The only vague surprise about France coach Jacques Brunel’s decision to keep faith with the 23 players who beat Scotland for Sunday’s Six Nations match against Ireland was that it was the first time he has named the same side for consecutive matches since taking the job in January 2018.
Indeed, it was the first time the same French side has been named for two matches in a row since November 2017 — and, Six Nations’ Rugby statistician Stu Farmer revealed on Twitter, the first time they’ve managed it in the Six Nations since rounds four and five in 2003.
It also means Les Bleus head to the Aviva on Sunday without their most dangerous attacking threat, Teddy Thomas, despite the fact he’s fit and scoring tries. Maybe it’s because he’s the textbook definition of mercurial. When he’s good, he’s very, very good. Unfortunately, he’s not always good. Not by a long way. Brunel has good reason for not picking him for this tournament to date. Injury had kept Thomas out of the initial Six Nations squad.
But the fit-again 25-year-old is doing his best to get noticed. He looked sharp on his return to Top 14 action a fortnight ago, playing 80 minutes in Racing 92’s defeat at Castres. Then, on Saturday, he scored a hat-trick in another full outing as the ciel-et-bleu ruined La Rochelle.
Assuming France aren’t humiliated on Sunday, however, it’s unlikely that Brunel will want to tinker much heading into the final round of the tournament against Italy in Rome.
But, if Thomas remains fit he should be almost impossible to ignore for the World Cup in Japan. At least, that’s what many may think.
“He’s worked hard to come back from his injury,” Racing coach Laurent Travers said after the Top 14 win. “He has many things that others do not. It is up to him to work over the long term. He must do even more and, above all, not relax.”
Thomas can be the best of players. He has 10 tries in 16 internationals, announcing his arrival in November 2014 with a hat-trick against Fiji. Only Philippe Bernat-Salle has a better tries-to-Test ratio for France. No current international team-mate comes close. He has defender-terrifying pace to burn, and a step to rival Cheslin Kolbe. With ball in hand, Thomas is the closest thing to Serge Blanco that France have had since the fullback retired in 1991.
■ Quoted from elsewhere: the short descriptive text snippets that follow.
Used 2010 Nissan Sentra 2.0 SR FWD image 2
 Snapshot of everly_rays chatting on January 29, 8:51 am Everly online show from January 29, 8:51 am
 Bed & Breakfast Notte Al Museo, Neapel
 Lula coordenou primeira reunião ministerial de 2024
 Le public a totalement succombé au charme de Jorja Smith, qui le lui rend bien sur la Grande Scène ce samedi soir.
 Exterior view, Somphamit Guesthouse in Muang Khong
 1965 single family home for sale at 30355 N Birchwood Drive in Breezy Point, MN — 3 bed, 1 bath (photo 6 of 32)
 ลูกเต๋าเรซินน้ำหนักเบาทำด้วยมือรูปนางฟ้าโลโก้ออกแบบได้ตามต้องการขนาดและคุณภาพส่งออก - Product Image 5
Repeated injuries and dips in performance mean those 16 caps have taken five years to accumulate. There was a three-year gap between try number four, scored on his second international outing in November 2014, and try number five, in November 2017. He can be invisible in defence. Even in attack, he can be a liability.
Those three tries in that last outing for Racing 92, his second comeback game after picking up an injury scoring a try in a previous injury-comeback game in January do not tell the whole story. Thomas was guilty of glaring defensive errors that led to both La Rochelle touchdowns. Those mistakes, at least, didn’t matter — Racing still won 50-14.
His defensive frailties, his nonchalance and ability to go missing, are well known. As Travers said: “On the defensive side, there is a lot we need to be able to improve.”
The question is, whether France is prepared to forgive any more.
When France played South Africa in November 2018, a howling Thomas mistake did matter. He had done the hard work, finding a route through the Springboks’ defence, breaking deep into opposition territory. But, with just one defender to beat and two support runners inside him with a clear run to the line screaming for the ball, he tried to sidestep when others would have passed and was tackled. The chance died.
The rest is yet another wince-inducing tale of modern French rugby history. With less than a minute to play, France were ahead and camped on South Africa’s line. They lost.
After that match, Brunel said of Thomas’s decision-making: “This is one of the areas where he needs to make progress. He is able to break defences and score tries but he would have been better to look around because there were at least two close supporters and the conditions were right to finish the job.”
Then, there’s the Champions Cup final against Leinster in May 2018, it was his late blind-alley mistake after Leone Nakarawa had stolen what looked like a key lineout that, eventually, gave Isa Nacewa the penalty shot at goal that won the title for the Dublin side.
That hat-trick on his debut in 2014 suggested a long run for the Racing flyer. Injuries, yes, have played their part in his stop-start international career - but so have lacklustre performances.
Four of his 16 outings have ended with a personal player rating of just three out of 10 from French sports newspaper L’Equipe. His average score in the paper over his 16-match career is just 4.9.
Brunel has picked Thomas eight times for France. It’s the player’s best international run — yet, right now, Thomas seems as far away as he has ever been from an international call-up. And time is running out for Japan.